Video Image Stabilization explained
The process of video image stabilization removes undesired vibrations from a video recording. There are two different types of stabilizers: hardware and software based stabilizers. Hardware based stabilizers use electromagnets to stabilize the image by moving optical lenses and prisms. Software based stabilization detects image features, such as object contours, highlights and shadows and tracks its movement. In this article software based stabilization is explained.
Software based video image stabilization takes place in just three steps, feature detection, movement calculation and movement correction.
First, notable features of an image are detected. Features are regions of an image, which catch the feature detectors attention. There are several different feature detectors available to the public, which are known since the 1980s, for example, “good features to track”.
The movement detector compares two or more images and calculates the movement of each feature.
Then movement correction uses the movement information from the detector to stabilize the image by just moving it in the opposite movement direction.
But, the image moves out of the screen and disappears after some time. Unless you want to do photo stitching, movement of the image is unwanted when recording videos. Though the image movement can be used to measure camera rotation. The resolution of video cameras is far higher than the accuracy of potentiometers or acceleration measurement chips. Video cameras can detect movement of just a few arc seconds.
To avoid moving the image out of the visible screen, the movement detector has to distinguish between camera movement and vibrations.
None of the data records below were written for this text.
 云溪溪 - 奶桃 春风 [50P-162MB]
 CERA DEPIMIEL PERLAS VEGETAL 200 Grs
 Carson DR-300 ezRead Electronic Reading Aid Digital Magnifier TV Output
This is done by statistical analysis of the movement, which is comparable to distinguishing the volatility from the moving average of a stock chart. Sophisticated image stabilizers use fast Fourier or cosine transform to move the image into the right position before a shock occurs.
Moving objects confuse the image stabilizer, so moving objects have to be excluded from the stabilization process. By discriminating regions of different movement directions, the image stabilizer can detect moving objects like cars, clouds and swarms of birds and recognize them even in front of a moving background.
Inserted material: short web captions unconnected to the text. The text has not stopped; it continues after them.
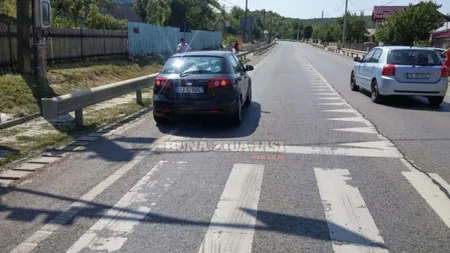 Accident grav în Iaşi. O femeie se află în comă, după ce a fost spulberată pe trecerea de pietoni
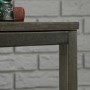 Industrial Style 3 Shelf Bookcase Smoked Oak Effect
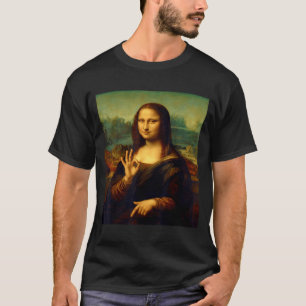 6 7 Six Seven Meme 67 Funny Mona Lisa Funny Clic A T-Shirt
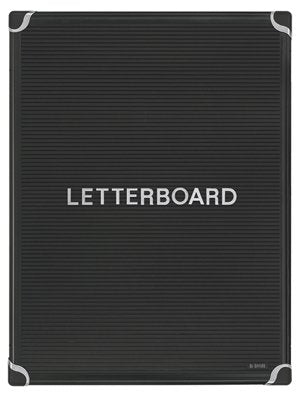 Bi-Office Maya Trendy Magnetic Letter Board with Aluminium Frame 900 x 600 mm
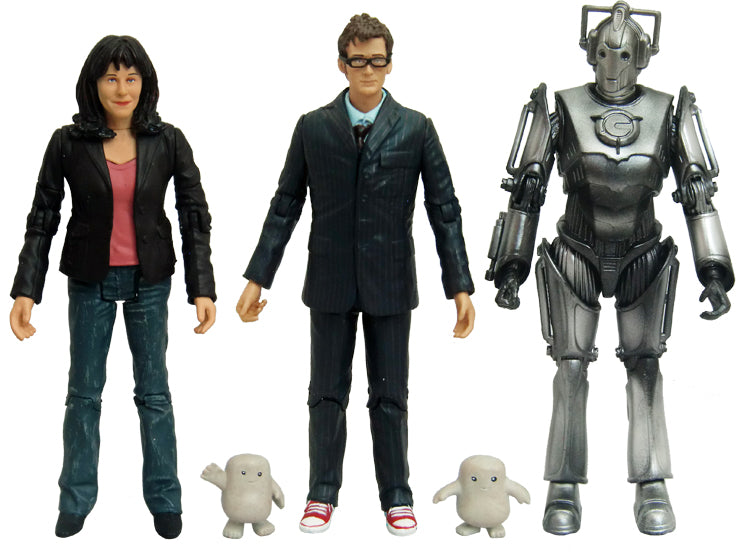 Doctor Who 10th Doctor With Adipose, Sarah Jane, and Cyberman Action Figure Set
Camera rotation is also confusing for the image stabilizer and is far more difficult to exclude from the stabilization process than the problems mentioned above. Because the center of the rotation may be outside of the field of view and the background may move while the camera is rotating, additional statistical analysis is required, which can slow the image stabilizer down. When there is not sufficient computing power, the software can just make a guess.
Finally, stabilized video images are much easier for the eye to watch and increase the compression rate of video streams and files. Watching stabilized videos can reduce stress and help lower the cost of disk storage and data bandwidth.